Niezależni badacze krytykują zgodę UE na przedłużenie licencji na stosowanie glifosatu.

Przy zyskach wielkich to drobne HENRYK PRZONDZIONO /Foto Gość Przy zyskach wielkich to drobne

Niezależni badacze skrytykowali Unię Europejską za udzielenie w piątek wstępnej zgody na przedłużenie licencji produktów zawierających glifosat; według ekspertów decyzja opiera się na nierzetelnej analizie przedstawionej przez koncern Bayer, który jest jednym z największych na świecie wytwórców produktów z glifosatem - podaje w poniedziałek portal EUobserver.

Zezwolenie UE na wprowadzenie do obrotu glifosatu wygasa w grudniu 2022 roku, ale ma być odnowione na kolejny rok. Glifosat został wstępnie zaakceptowany jako środek bezpieczny dla zdrowia. Naukowcy zajmujący się badaniem chorób nowotworowych, powiązani z niezależną austriacką organizacją ochrony środowiska Global 2000, ocenili, że decyzja UE oparta jest na nierzetelnych badaniach Bayera.

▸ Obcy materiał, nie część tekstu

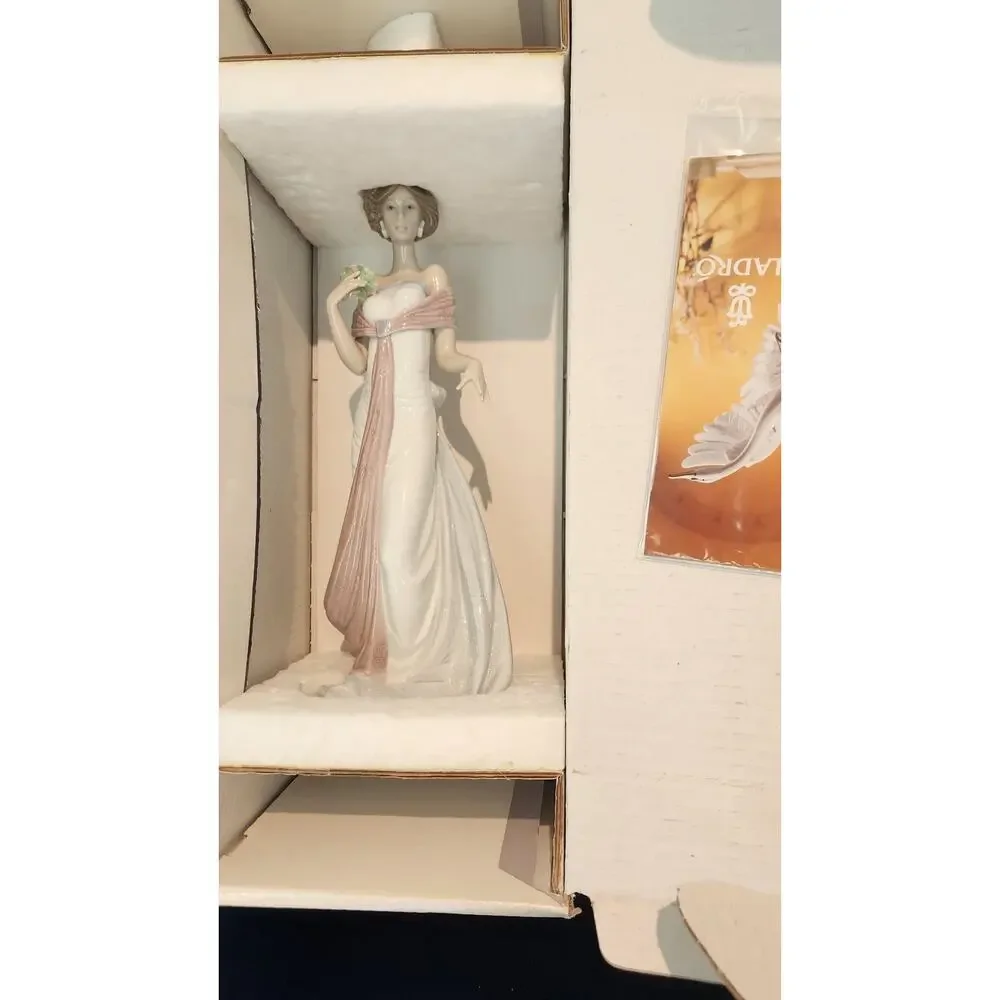 Lladro 6366 Summer Infatuation Figurine 12.5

Bayer jest jednym z największych producentów środków chwastobójczych zawierających glifosat, takich jak Roundup. Glifosat wprowadziła na rynek firma Monsanto w 1974 roku jako składnik Roundupu, który przez lata był sztandarowym produktem tego koncernu. W 2016 roku Monsanto została wykupiona przez Bayer.

Według naukowców 33 badania z 35, na których opiera się Bayer, a które uznaje za ważne także UE, są niekompletne. Dwa z nich uznano za rzetelne, piętnaście za częściowo rzetelne, a osiemnaście za nierzetelne. "Nie odniesiono się do żadnej z istniejących luk w wiedzy" - skomentował Siegfried Knasmueller, jeden z wiodących naukowców związanych z Global 2000, który zajmuje się badaniem wpływu glifosatu na zdrowie.

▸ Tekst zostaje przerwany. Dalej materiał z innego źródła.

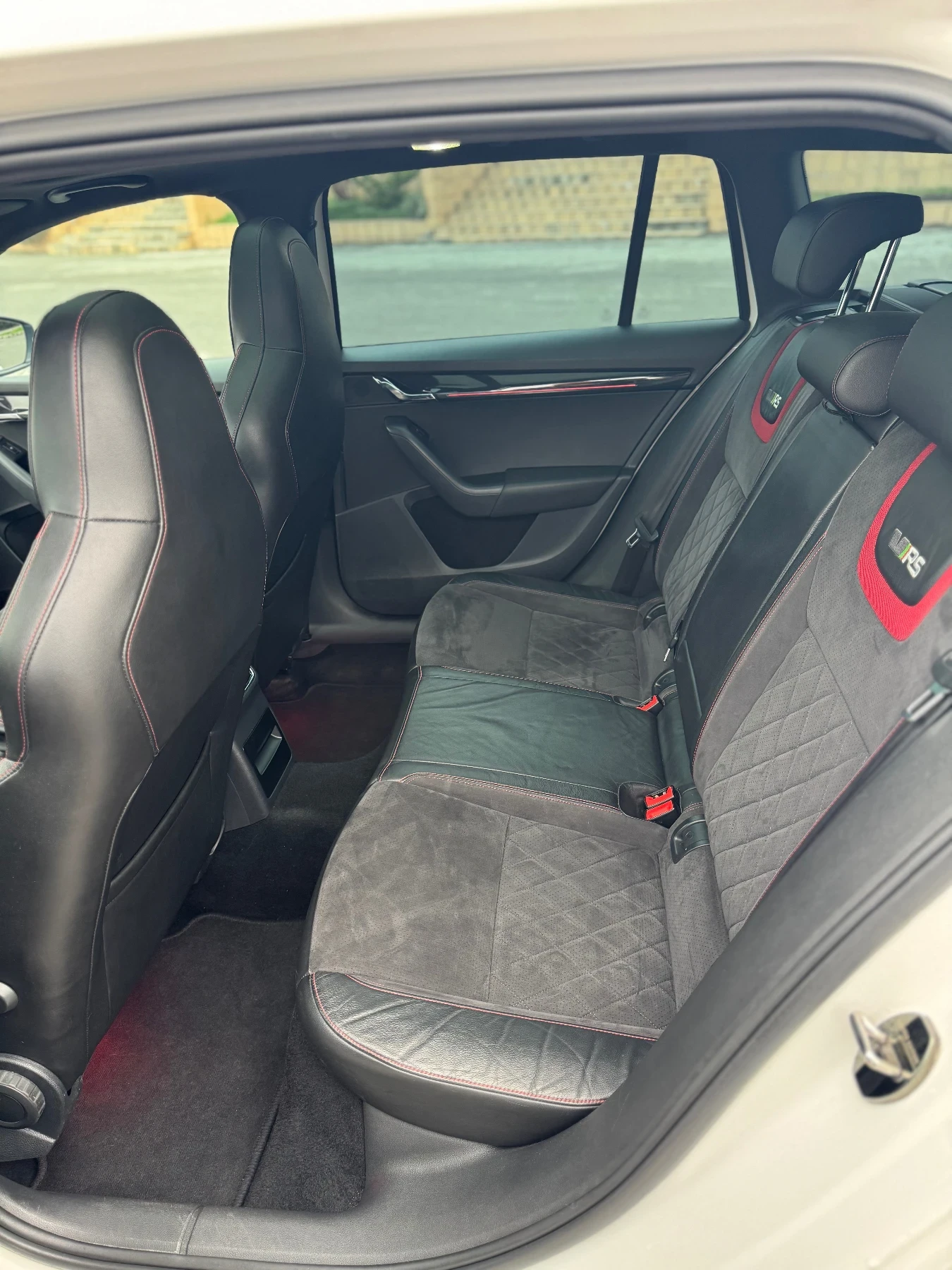 Skoda Octavia VRS, снимка 8 - Автомобили и джипове - 53935029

Bayer nie zaprezentował szeroko znanych badań, które przy pomocy najnowszych metod wykazują, że glifosat sekwencje DNA wątroby oraz innych organów wewnętrznych. Metody użyte w badaniach zaprezentowanych przez niemiecki koncern mają ponad 30 lat. Według Knasmuellera wykrywają one jedynie 5-6 z 10 znanych substancji rakotwórczych.

W 2015 roku Międzynarodowa Agencja Badań nad Rakiem (IARC) działająca przy Światowej Organizacji Zdrowia stwierdziła, że istnieją "mocne dowody" na szkodliwe działanie glifosatu na DNA. Jednak członkowie grupy zajmującej się badaniami nad glifosatem (Assessment Group on Glyphosate, AGG), w której skład wchodzą Francja, Węgry, Holandia i Szwecja, odrzucili te badania i stwierdzili, że glifosat to bezpieczny środek, którego licencja może być odnowiona.

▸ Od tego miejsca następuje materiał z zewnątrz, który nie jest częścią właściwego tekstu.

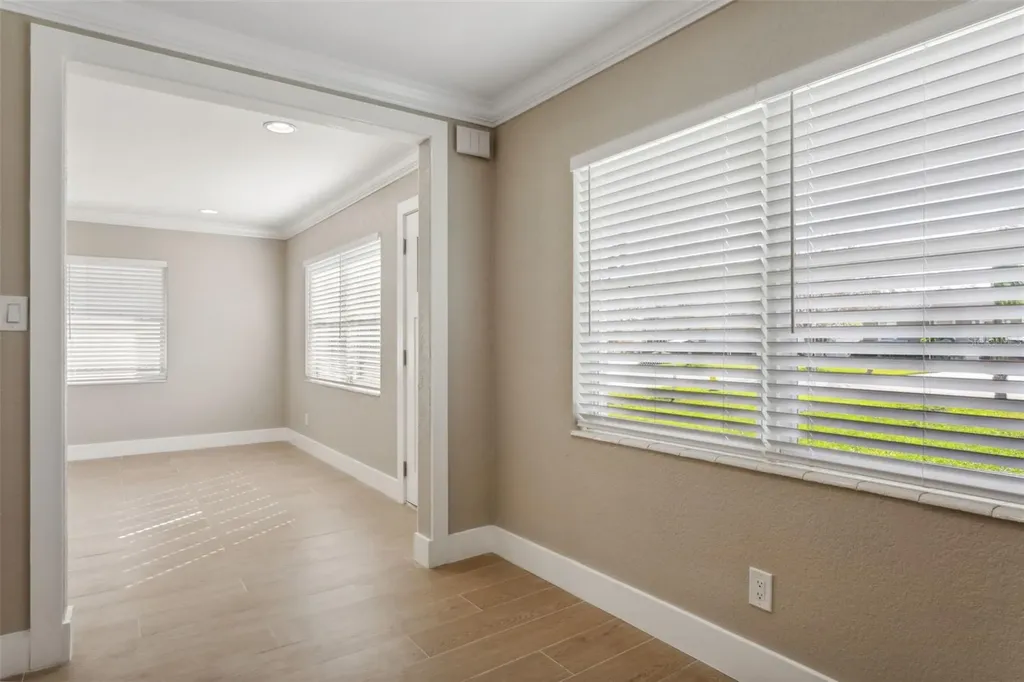 3819 W Gray Street Tampa FL 33609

W 2019 roku amerykański sąd stwierdził, że Roundup prawdopodobnie powoduje raka, a Bayer działał w złej wierze, ukrywając ten fakt. Przeciw formie złożono od tamtego czasu ponad 125 tys. pozwów, w których skarżący stwierdzili, że kontakt z glifosatem wpłynął na rozwinięcie się u nich chłoniaka nieziarniczego. W zeszłym roku Bayer zapłacił prawie 9 mld euro w ramach odszkodowań - przypomina EUobserver. "To niepokojące, że badania sponsorowane przez koncern są w centrum aktualnego unijnego procesu zatwierdzania glifosatu" - skomentowała Angeliki Lyssimachou z organizacji pozarządowej Health and Environmental Alliance (HEAL) z siedzibą w Brukseli.

W przeszłości urzędnicy unijni odmawiali dzielenia się szczegółami na temat badań prezentowanych przez Bayer, jednak w marcu 2019 roku Trybunał Sprawiedliwości UE uznał to działanie za niezgodne z prawem. Dzięki temu wyrokowi niezależni badacze mogli po raz pierwszy zrobić przegląd dokumentacji, na której opierają się decyzje AGG.

W zeszłym tygodniu nowa niemiecka koalicja rządowa zapowiedziała, że usunie produkty zawierające glifosat z krajowego rynku do końca 2023 roku. Ostateczna decyzja dotycząca zezwolenia na dalszą obecność na rynkach unijnych glifosatu zostanie podjęta przez państwa członkowskie UE w przyszłym roku.